Грузовик обслуживают шофер с помощником. Один господин, другой — слуга. Я еще не встречал на свете более тяжелых обязанностей, чем у помощника водителя. Он проезжает сотни километров, кое-как прицепившись к кузову сзади! Когда же грузовик преодолевает крутой подъем, несчастный бежит следом с большим деревянным клином, чтобы машина неожиданно не покатилась назад. В горах нельзя надеяться только на тормоз. На виражах же над пропастью один метр вспять может оказаться гибельным.

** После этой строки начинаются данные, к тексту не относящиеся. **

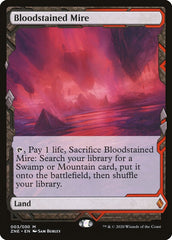 Bloodstained Mire [Zendikar Rising Expeditions] | Cards and Coasters CA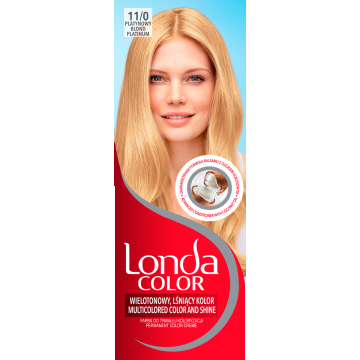 Vopsea de par permanenta 11/0 Blond Platinum, 110ml, Londa Professional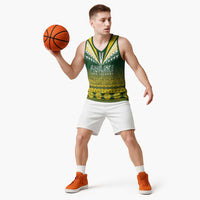 Cook Islands Rugby Custom Basketball Jersey Kuki Avaiki LT7 - Polynesian Pride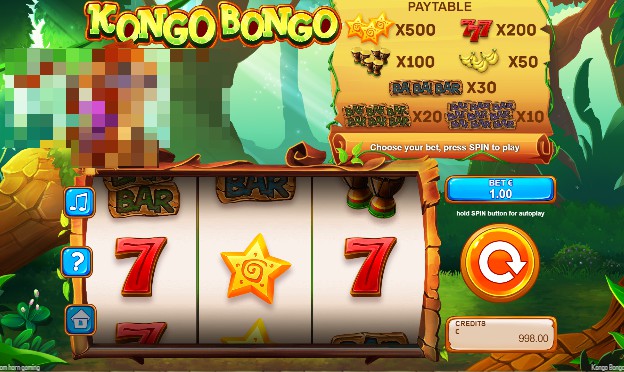 Kongo Bongo Screenshot 2021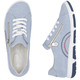 Slipper & Schnürschuhe - Rieker, bequeme Damen-Sneaker, Weite H, mit herausnehmbarem Fußbett, in Größe 036 bis 042, in Farbe HIMMELBLAU – Farbe HIMMELBLAU – Ansicht 10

Помощник не оставляет машину ни днем, ни ночью, дрожа от холода зимой, обжигаясь на солнце летом. Он сторожит, моет, убирает, грузит и всегда готов выполнить любое приказание водителя. А давая сигнал к отправке, протяжно, выкрикивает: «Бурубахайр! Доброго пути!» Вот и прозвали эти размалеванные грузовики «бурубахайрами».
«Пассажирские места» в машине можно подразделить на классы. Первый класс — в шоферской кабине. Если кандидатов на лучшие места больше, чем надо, проблему чаще всего решает имущественное положение, но право первенства принадлежит женщине.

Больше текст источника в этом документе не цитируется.